To see what these broader implications may be, it is important to recall the general state of geopolitics just before Hamas launched its surprise attack on Oct. 7. (For a trenchant summary of these conditions, watch John Mearsheimer’s recent lecture here). Before Hamas attacked, the United States and its NATO allies were waging a proxy war against Russia in Ukraine. Their goal was to help Ukraine drive Russia from the territory it had seized after February 2022 and to weaken Russia to the point that it could not undertake similar actions in the future. The war was not going well, however: Ukraine’s summer counteroffensive had stalled, the balance of military power seemed to be shifting gradually toward Moscow, and hopes that Kyiv could regain its lost territory either by force of arms or through negotiations were fading.

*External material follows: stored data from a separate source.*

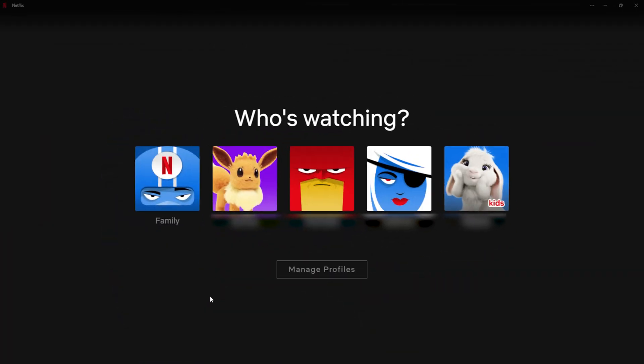Today, guys, I'm going to be showing you how you can set your parental controls on Netflix. It's quite straightforward once you know how, but can be a little time consuming depending on the level of restrictions that you want to apply. So let's get started.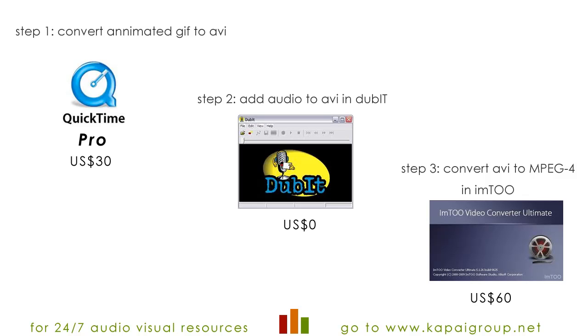Just to let you know, QuickTime Pro is $30 and Dubit is free. M2 Video Converter is $60. Both QuickTime and M2 Video Converter are useful beyond what I'm showing here and I suggest worth the license fee.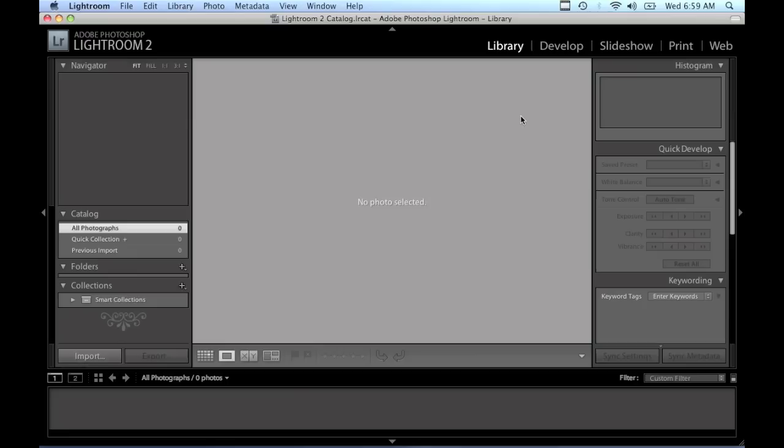Welcome to our second tutorial in our Getting Started with Lightroom series. Today we're going to talk about metadata and setting up a metadata preset.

The United States was also waging a de facto economic war against China, intended to prevent Beijing from dominating the commanding heights of semiconductor production, artificial intelligence, quantum computing, and other high-tech areas. Washington saw China as its primary long-term rival (in Pentagon-speak, the “pacing threat”), and the Biden administration intended to focus more and more attention on this challenge. Administration officials described its economic restrictions as tightly focused (i.e., a “small yard and high fence”) and insisted that they were eager for other forms of cooperation with China. The small yard kept getting bigger, however, despite growing skepticism about whether the high fence would be able to prevent China from gaining ground in at least some significant areas of technology.